Other legal states like Colorado publish the addresses of medical marijuana cultivators and distributors, and politicians in Oklahoma want to know if it has led to more crimes on marijuana cultivators and possibly learn from their mistakes if so. Oklahoma House Majority Floor Leader Jon Echols (R) posed the question in Tulsa World.
"If you get a grow license, how much of your privacy should you give up? This is a new industry. What do other states do, and is there anything we can learn, and are we doing anything that puts people unnecessarily at risk?" Echols concluded that the conversation is warranted.
Minimal Focus on CBD
Another problem with the Oklahoma medical marijuana program is that only 26 of the approved dispensaries specialize in a non-psychoactive form of marijuana known as cannabidiol (CBD). Many medical marijuana patients need access to medical marijuana with no or low doses of tetrahydrocannabinol (THC), and with so few dispensaries specializing in CBD, many patients could be left out.
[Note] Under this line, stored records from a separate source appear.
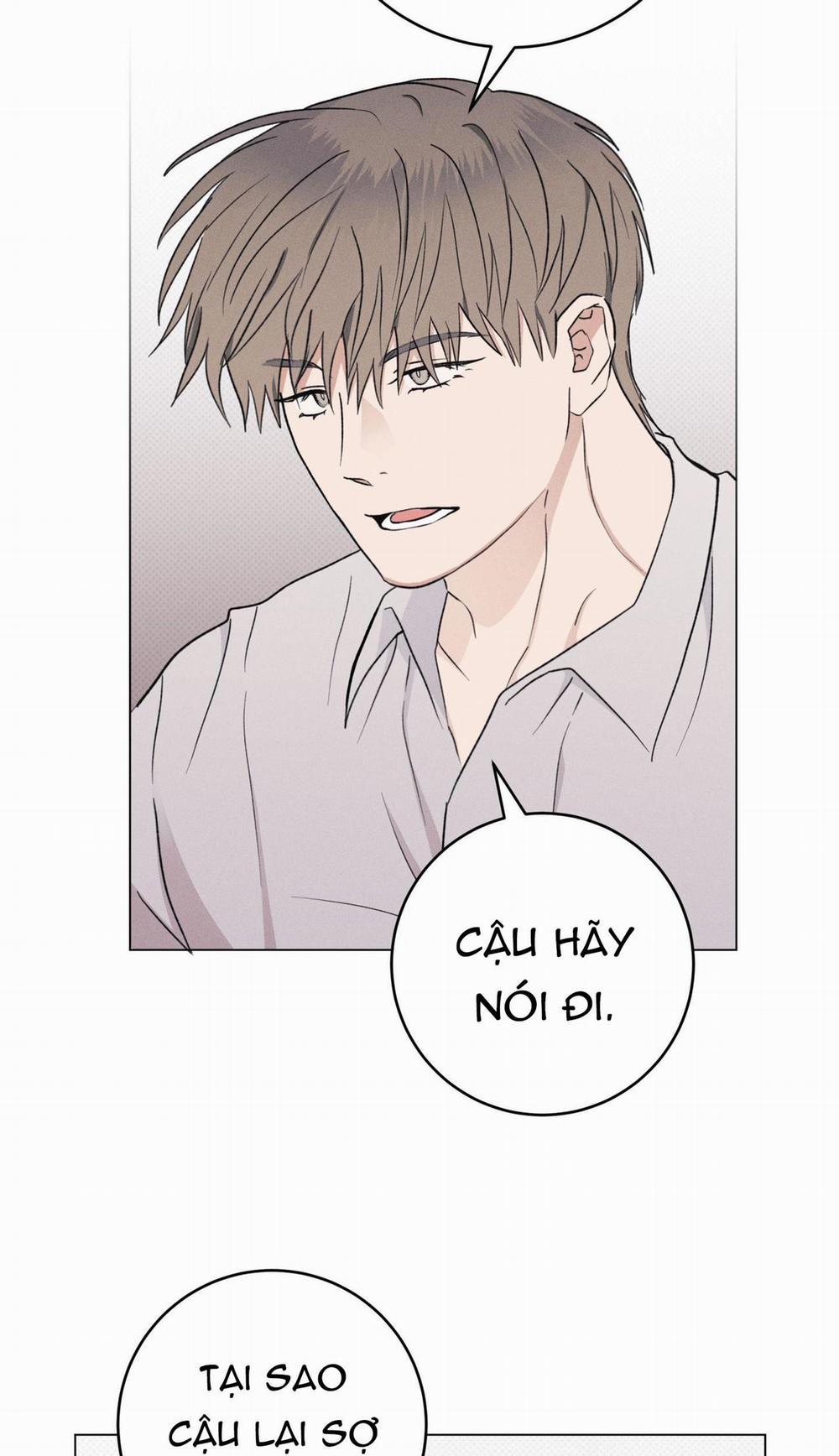 TUYỂN TẬP CUỒNG CÔNG-CHIẾM HỮU CÔNG CỦA NHÀ KIM 31.5 N.KÝ NUÔI SÓI 5 trang 69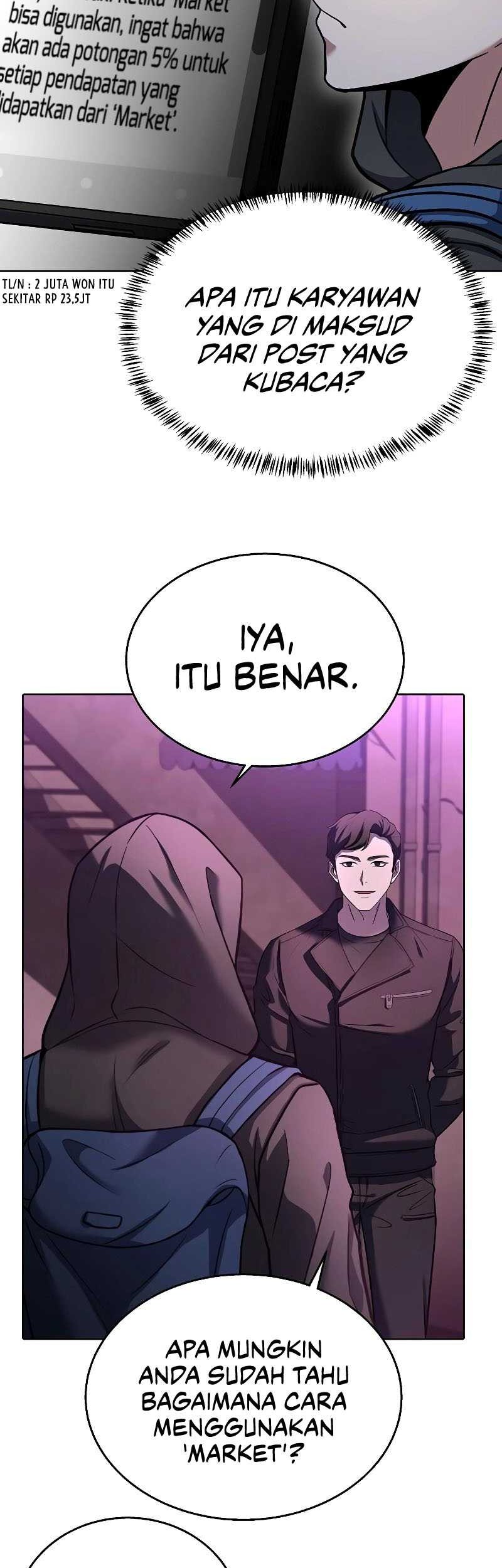 Halaman 177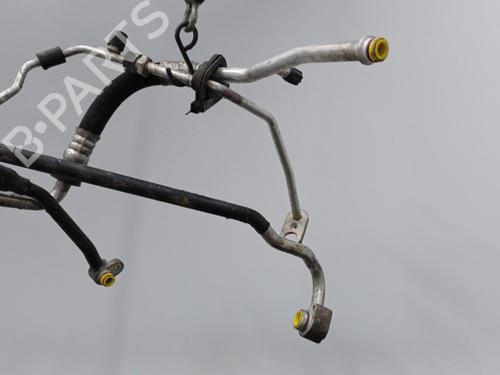 Used AC pipe AC pipe AUDI A4 B7 Avant (8ED) 2.5 TDI (163 hp) 21206972 21206972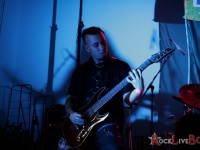 septic flesh60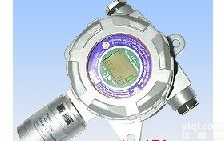 <em>固定式</em>甲烷检测仪 <em>固定式</em>甲烷分析仪 <em>固定式</em>甲烷<em>测定仪</em>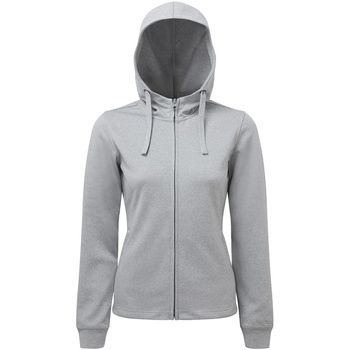 Tridri Jersey TR498 para mujer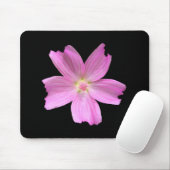 Tapis De Souris Souris de mousson (Avec souris)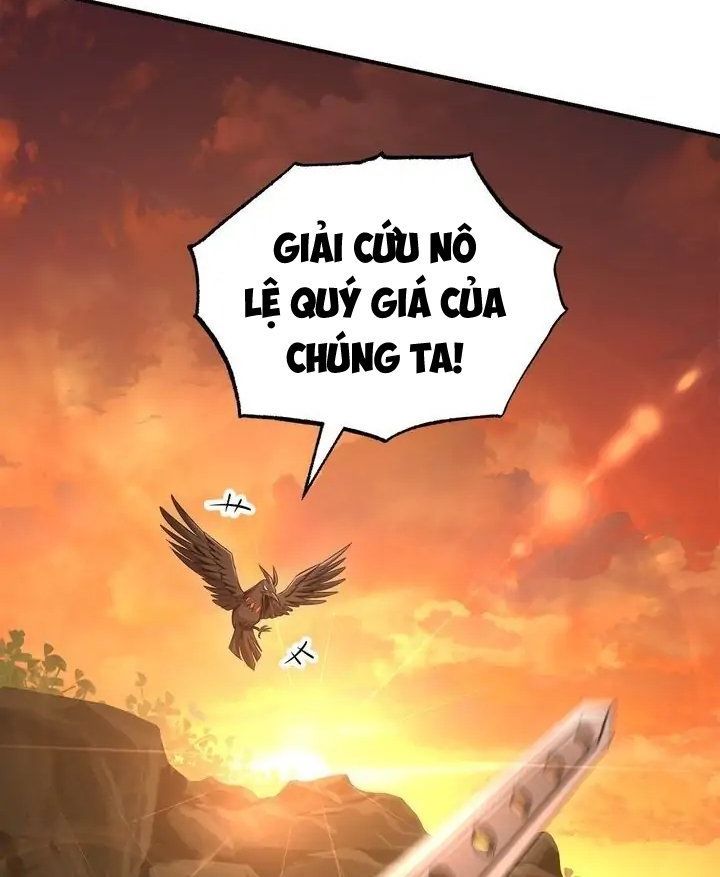 Chiến Binh Xương Trắng Thất Thủ Chapter 160 - Trang 2
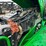 2012-john-deere-4730-image-61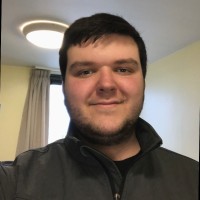 Joshua Jenrick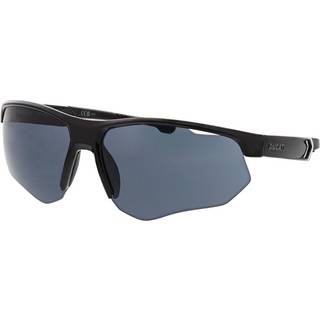 Carrera Ducati CARDUC 044/S 807/IR 69 Solbriller Mænd Black - Black - 69mm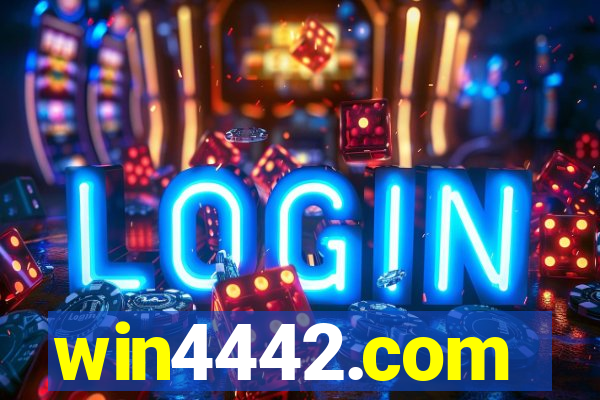 win4442.com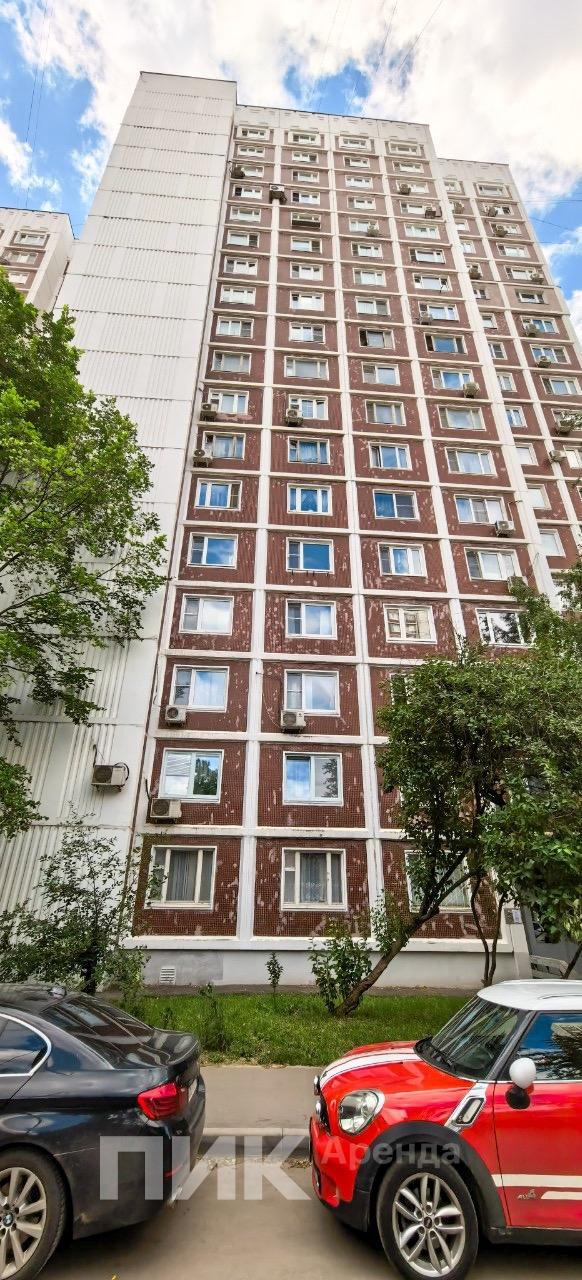 3-к. квартира, 78 м², 118 900 ₽/мес — фото № 27 3-к. квартира, 78 м², 118 900 ₽/мес — фото № 27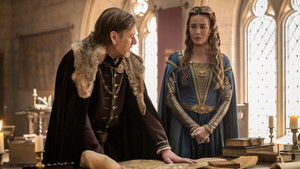 Robin Hood 1. évad Ep.9 9. epizód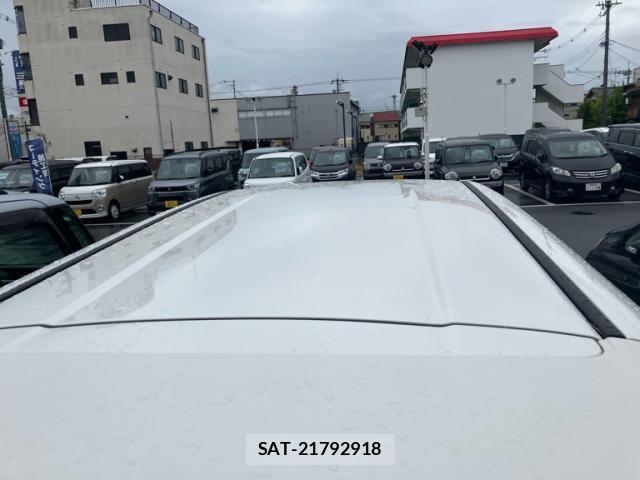 Toyota ESTIMA 2019-10 7454173-8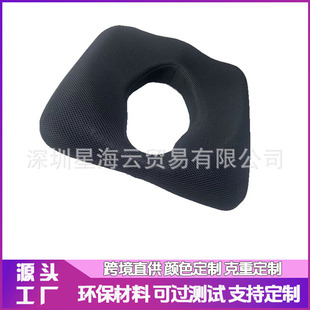 �S��ֱ���Դ����˷��쯏�|�β�β�ǉ����|݆�����|�ļ���c������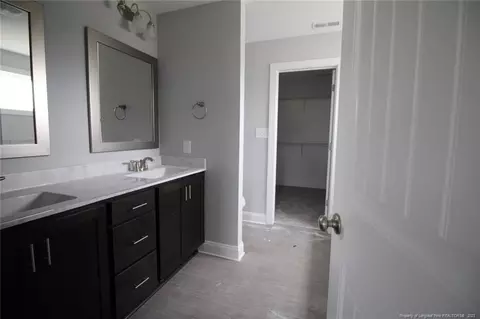 71 Bow Common Way, Cameron, NC 28326 photo 7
Paul says that even with all the bumps in the road, the new medical marijuana industry is doing well overall. He noted the Oklahoma Medical Marijuana Authority's decision to remove the medical marijuana manufacturers addresses from their website so quickly as an example of how authorities using precautionary safety measures not done in other medical marijuana states.
"Things are going remarkably well for a lack of definition and boundaries. The industry is doing a good job going above and beyond what is required," he concluded.
The Oklahoma medical marijuana program is sure to go through some changes over the next year or two as the law is changed and the program is in full swing.
More information can be found about Oklahoma medical marijuana on the Oklahoma Medical Marijuana Authority website. Patients may apply for an Oklahoma medical marijuana license online through the site and licenses may be verified through the site as well.